What do You think about Teacher Man (2006)?

Non è così appassionante e coinvolgente come Le ceneri di Angela, ma lo stile è ugualmente molto scorrevole, con la solita vena di ironia; l'ho letto tutto d'un fiato, nonostante sia un racconto non unitario, ma un succedersi di tanti episodi legati comunque tra loro dalla vita di insegnante di McCourt. Così emerge una miriade di personaggi, di alunni con le loro storie, storie uniche, personali, spesso con le loro vite difficili di figli di immigrati. In tutto questo mondo McCourt si trova coinvolto sempre in prima persona e io stessa, come insegnante, mi sono lasciata coinvolgere, ritrovandomi a volte ad arrabbiarmi per la poca convinzione di McCourt nel suo lavoro, per la sua indolenza, ma altre volte a condividerne gli obiettivi, considerando ogni alunno un pezzo unico da rispettare e anche amare e sempre comunque ho invidiato le sue grandi qualità di "affabulatore". Insomma, ho vissuto allegramente, dall'inizio alla fine, sensazioni contrastanti che mi hanno portato, in definitiva, anche a giudicare me stessa, pur riconoscendo di non aver mai dovuto affrontare, per mia fortuna, situazioni altrettanto complicate.
—arcobaleno

"This is the situation in the public schools of America: the farther you travel from the classroom the greater your financial and professional rewards." While I can certainly related to and even laughed at many of McCourt's classroom challenges and adventures, I tried not to buy into the feeling of all being lost with today's students. No, the bulk of today's students don't appreciate their education nearly as much as they would have 50 years ago, but let's not blame our students for all of their shortcomings. Let's pay attention to the signals they are getting from the society that we've built; oftentimes our students are just playing the role they feel the world has created for them. It only takes a few minutes of bad television (which can be found on nearly every channel) to ruin a kid's belief that education is important at all. They see sports "professionals," provocative beer commercials and adults behaving every bit as opposite as teachers expect their students to act in class. Teachers have it hard, no question, but let's keep in mind that students are growing up in what is indelibly an education-last society. Still, we've got to do more than "I'll try"; we need to do. (258 pages)
—Mr. Z

I read this book years ago, at the start of my teaching career. I can't remember if I was student teaching or if it was my first year, but nevertheless, I was a newbie. I actually started reading it again forgetting this was the Frank McCourt book I had read years ago.

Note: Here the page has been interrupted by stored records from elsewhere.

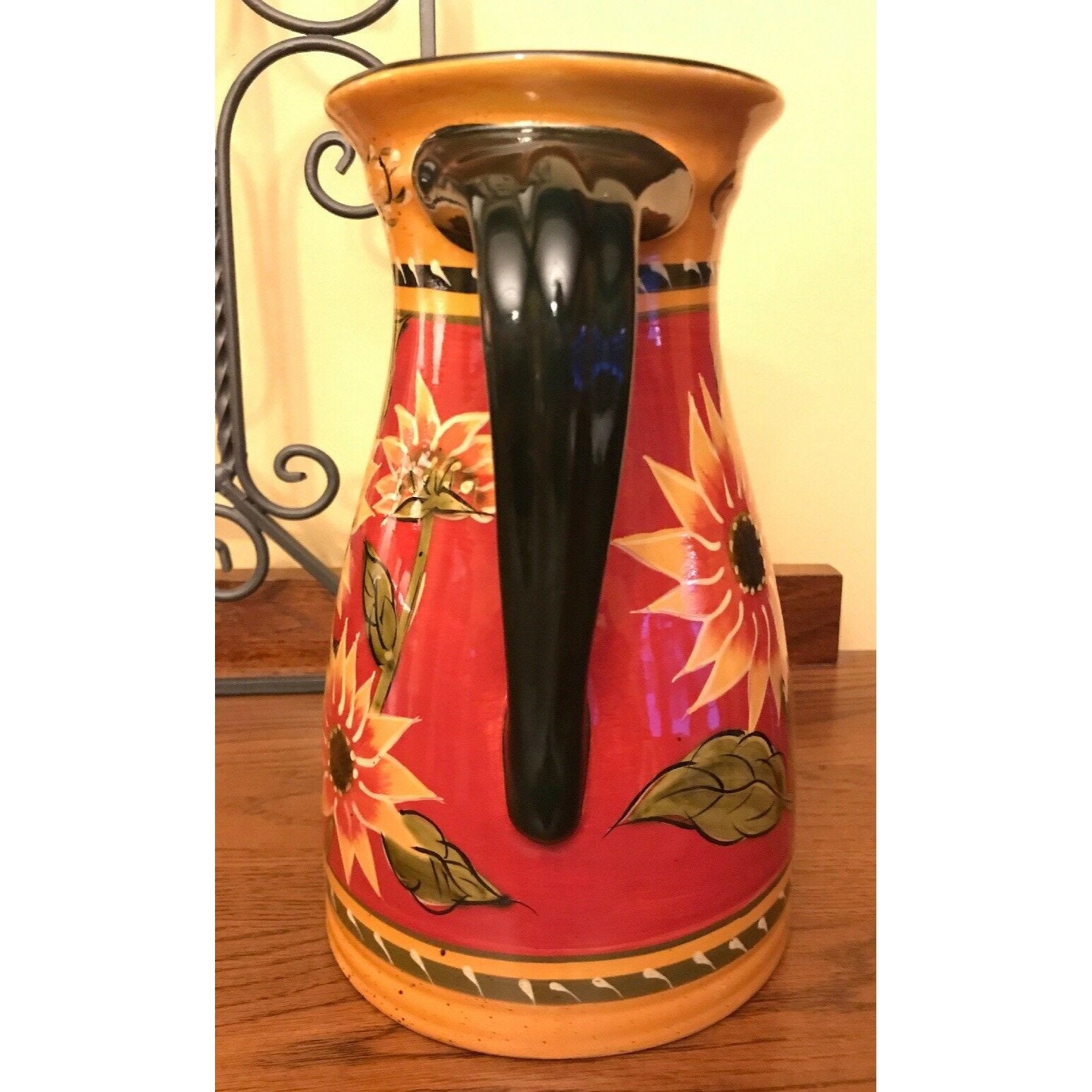 Pier 1 Sunflower Pitcher 72 Oz Hand Painted Terracotta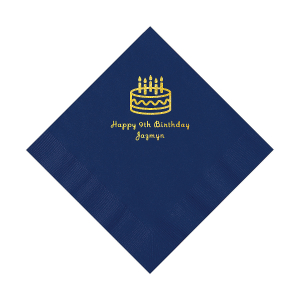 Navy Blue Birthday Cake Personalized Napkins with Gold Foil - Luncheon (50 Piece(s))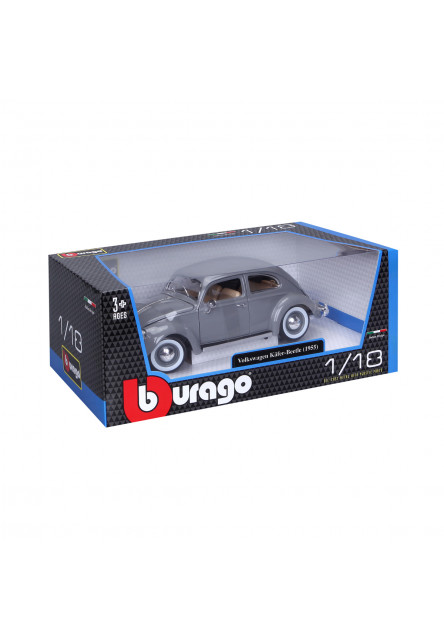 Bburago - Autá HOBBY- Volkswagen Käfer Beetle 1955, šedá, 1:18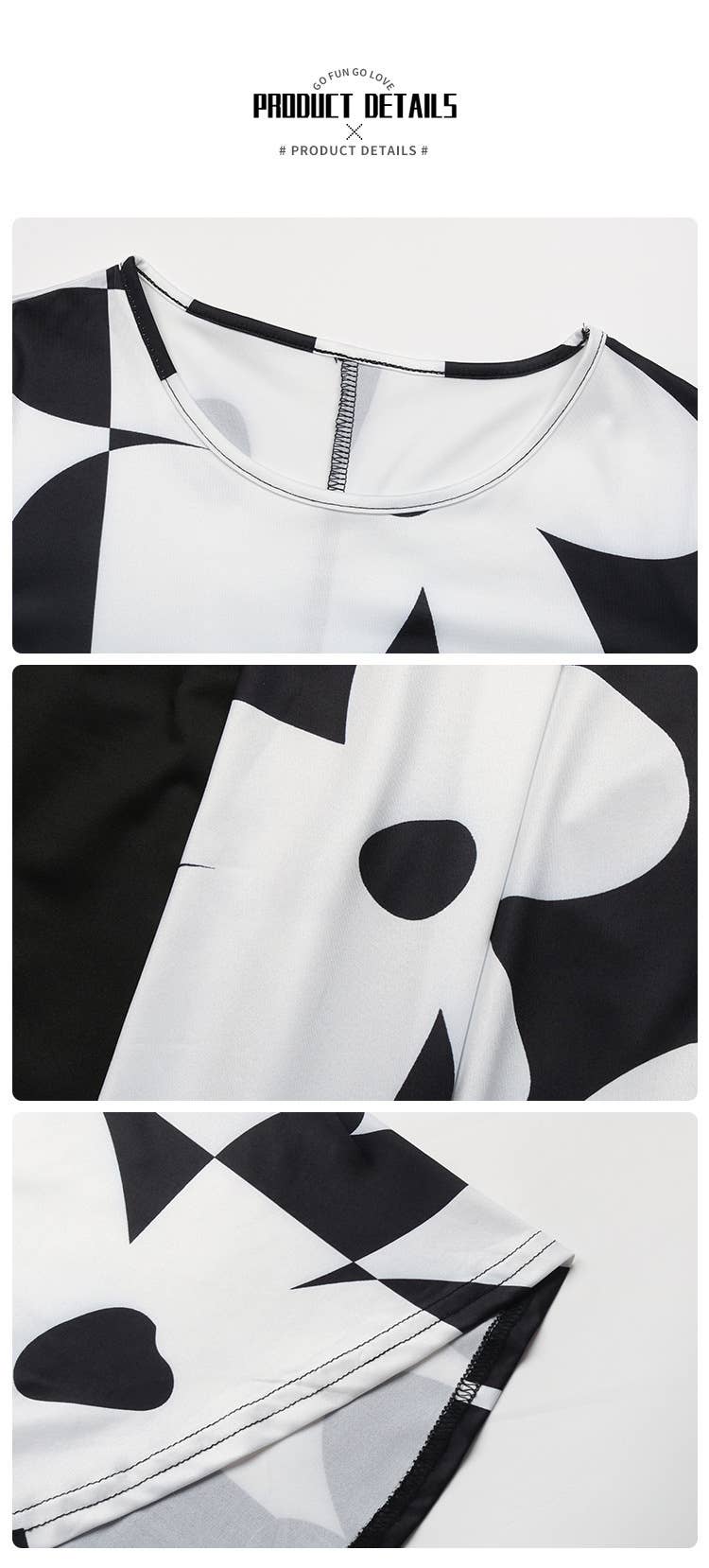 CREW NECK SLIM IRREGULAR PRINT DRESS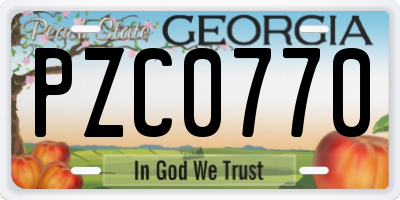 GA license plate PZC0770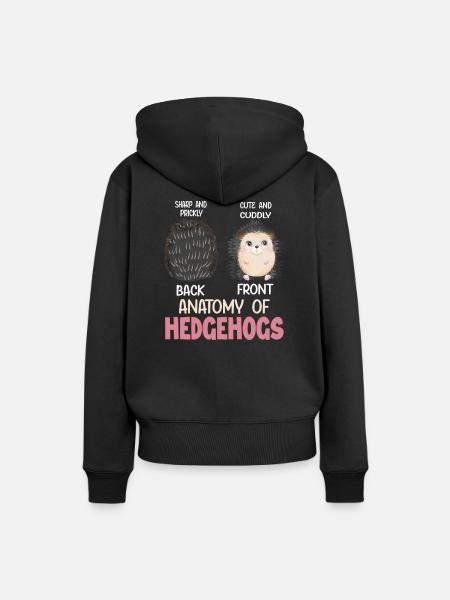 Anatomie des Igel - Frauen Premium Bio Hoodie - Schwarz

It took me about two pages to realize my mistake, but I figured I might as well finish it since I hadn't even remembered I had read it in the first place. McCourt no doubt has some questionable pedagogy. Some of his out-of-the-box lessons are clever while others are downright ridiculous. He wrote he felt guilty not sticking to the curriculum, but I suppose sometimes it takes risks to discover gold. I feel a little cheated because we never get to experience a typical day in his classroom...there's no way he had his students reciting recipes every day throughout his decades of teaching. What did a regular day look like? He had to have touched on some of the curriculum throughout the year, but I suppose those stories may not have been as engaging.What I did not appreciate was his manner regarding his marriage. He nonchalantly writes about cheating on his wife, claiming that it was a marriage doomed from the start. Ummm, when did that make it okay to have affairs? And, what are these stories adding to this book? The best part about the book is the stories about students and their lives. I tell my students "teachers are people, too!" but maybe we sometimes forget that the same applies to our students. We see them in a bubble and make judgments based on their attentiveness in our class and their homework completion and perceived effort, but they have home lives and struggles, just like us. Oh sure, with the "troubled" kids, you can clearly see that there are outside forces pulling them from being a motivated student, but what about the others? I sometimes get jealous that other teachers get to know more about their students' outside worlds. English teachers have papers, art teachers see their pieces rife with emotion, religion teachers have journals...what about math teachers? We get to see word problems. It's hard to start deep, provocative discussions around the topic "how to solve for x"
—Amy

Write Review

(Review will shown on site after approval)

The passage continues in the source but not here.